▸ **Problem requirements**: For this exercise, return only the lines in the records below from the one holding "کیف دوشی مشکی" through the one holding "Halloween 60cm Human", including both, exactly as they appear and without pictures.

▸ **Data in this exercise**:
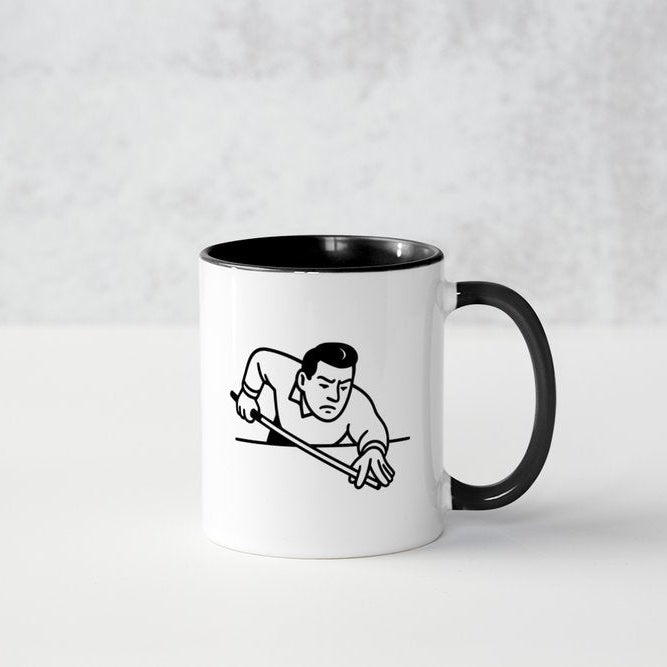 Chalky Trousers Pool Mug – Ceramic Mug for Players & Fans | Chalky Trousers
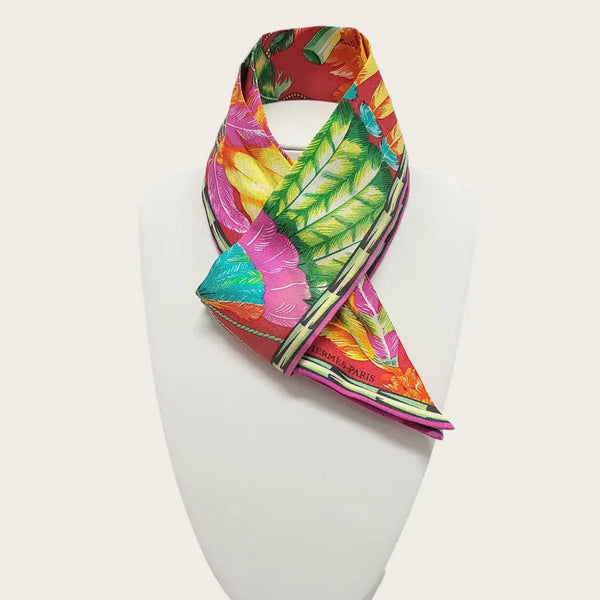 [BUNJANG] Hermès Multicolor Brazil Twilly Silk Scarf / 에르메스 멀티컬러 브라질 트윌리 실크 스카프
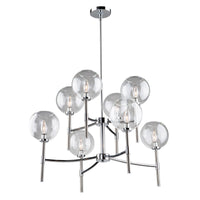 Hamilton 8-Light Silver Chandelier 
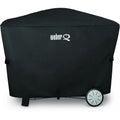 Weber 7112 Premium Grill Cover For Q 2000 & 3000 Series Gas Grills On Patio Cart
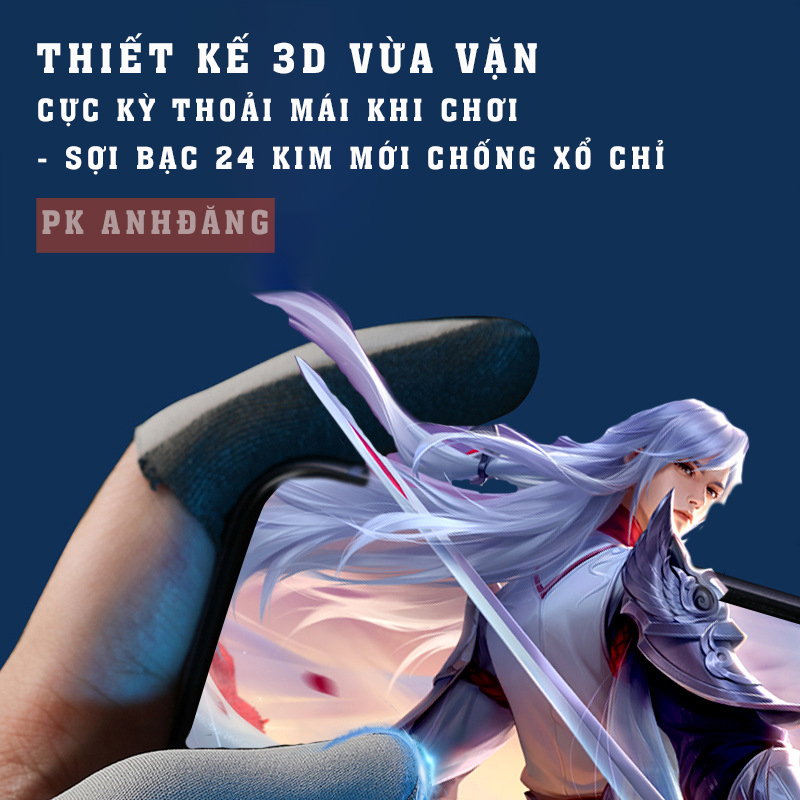 Bao Tay Chơi Game, Găng Tay Chơi Game Chống Mồ Hôi Bear1 Sợi Bạc Siêu Nhạy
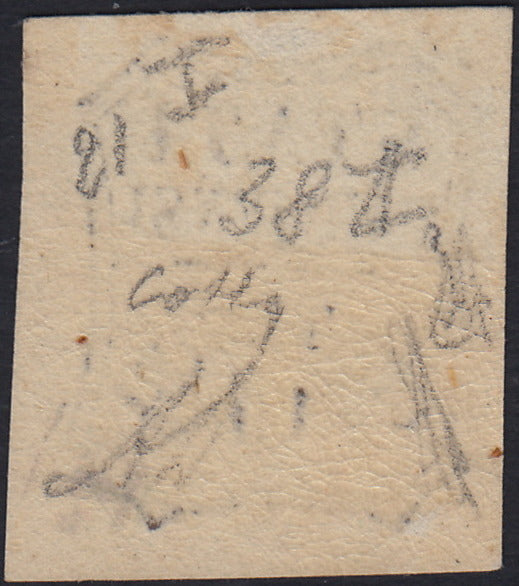 ES2585_13 - 1859 - Stati Parmensi e cifra in un ottagono a linee curve, c. 10 bruno nuovo con gomma (14)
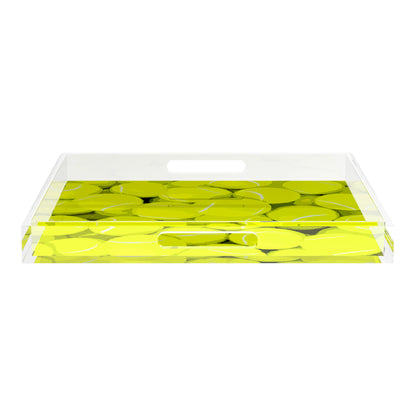 Tennis Neon Balls 18X18 Acrylic Tray - nicolettemayer.com 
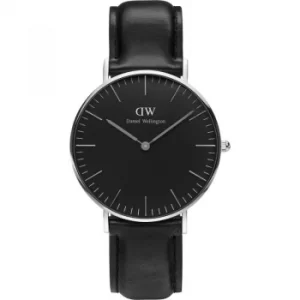 Mens Daniel Wellington Classic Black Sheffield Watch 36mm Watch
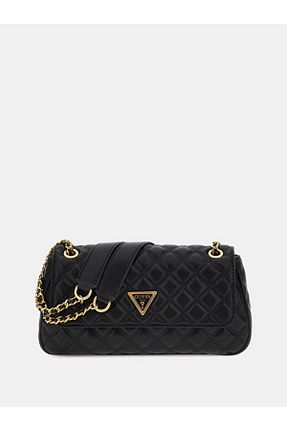 کیف دوشی مشکی زنانه پلی اورتان Guess - کد 655180441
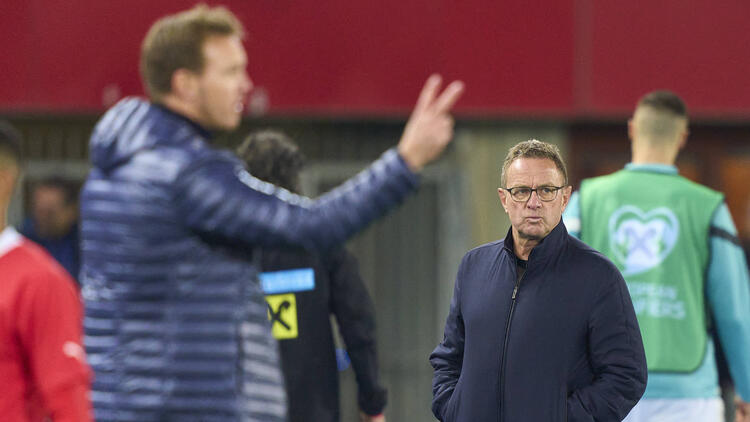 Ralf Rangnick (r.) will nicht zum FC Bayern - ebenso wie Julian Nagelsmann (l.)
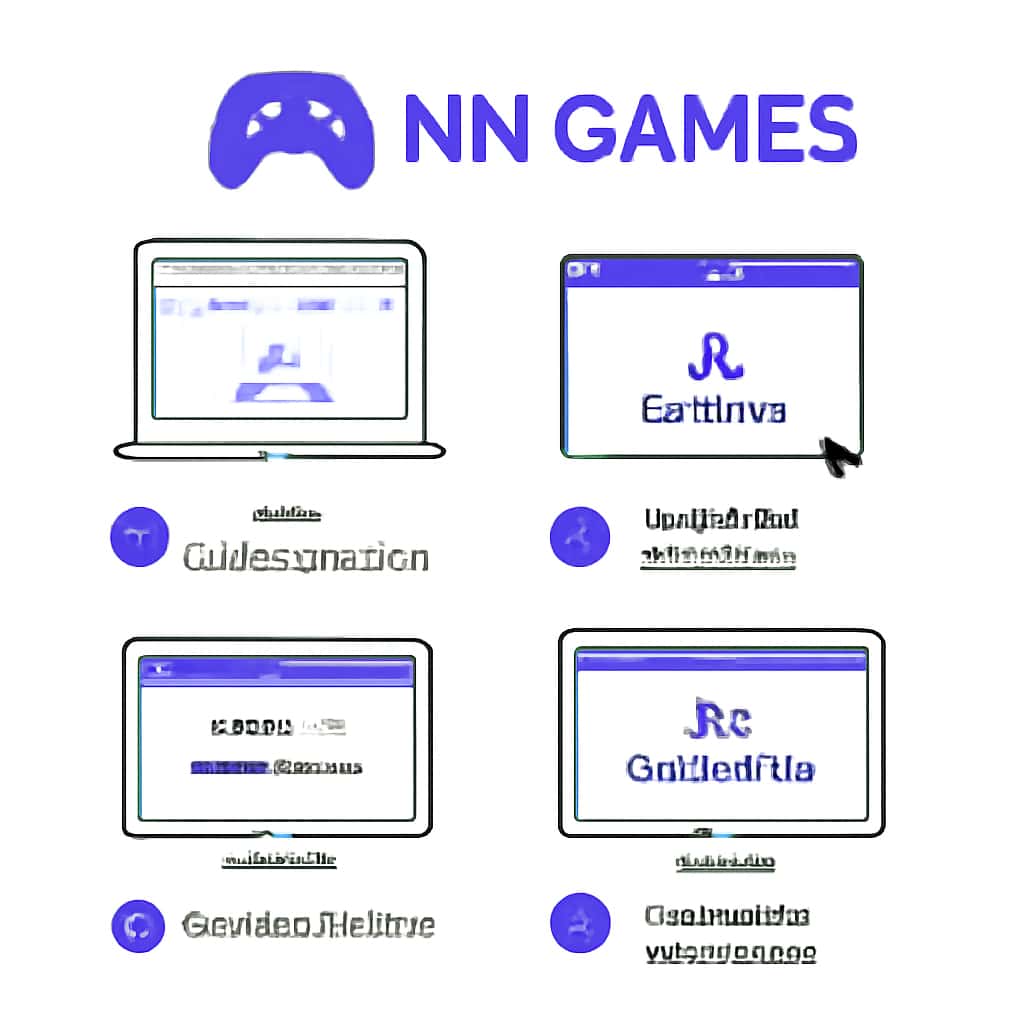 An educational diagram illustrating NN Games installation steps.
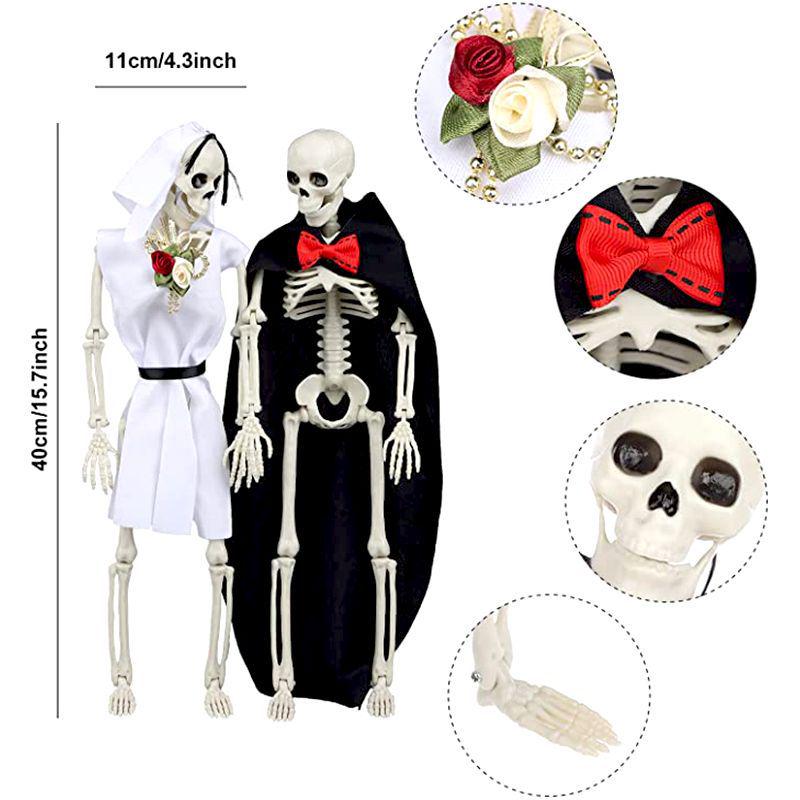 Halloween 60cm Human Skeleton Decoration for Haunted House Festival Props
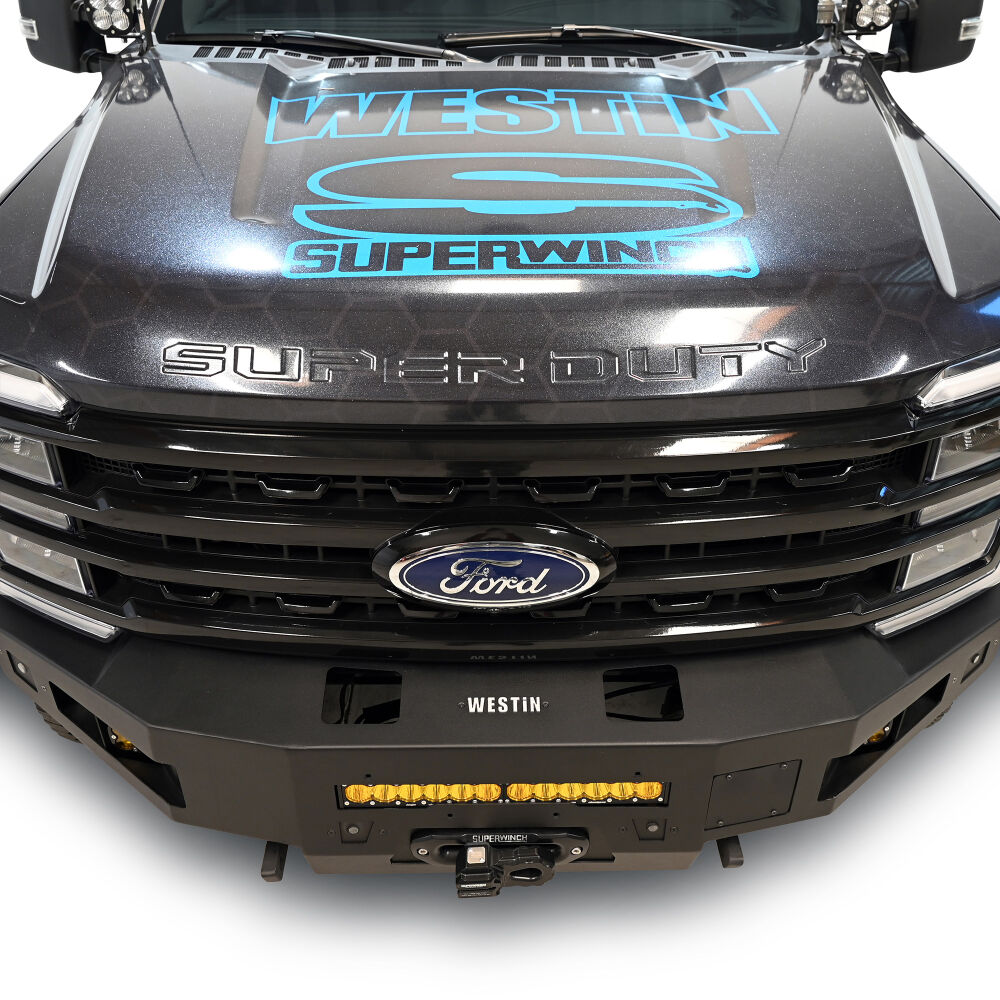 Westin 58-411305 Pro-Series 2023-2025 Ford F250/F350 Super Duty Front Winch Bumper - BumperStock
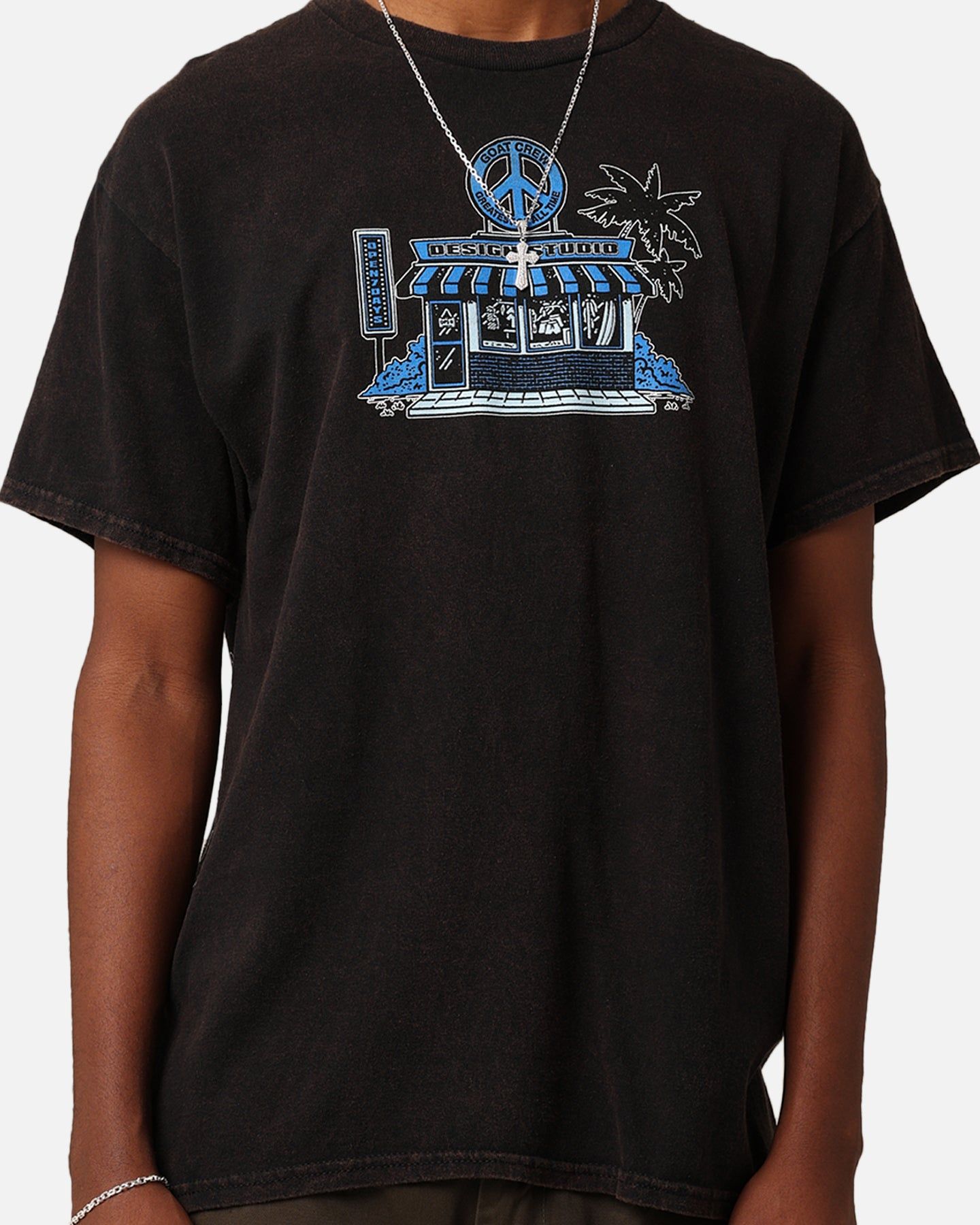 Goat Crew Design Studios Peace T-Shirt Black Wash sold by Culture Kings product image thumbnail 5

▸ **Response**:
 کیف دوشی مشکی زنانه پلی اورتان Guess - کد 655180441
 Ralf Rangnick (r.) will nicht zum FC Bayern - ebenso wie Julian Nagelsmann (l.)
 An educational diagram illustrating NN Games installation steps.
 Halloween 60cm Human Skeleton Decoration for Haunted House Festival Props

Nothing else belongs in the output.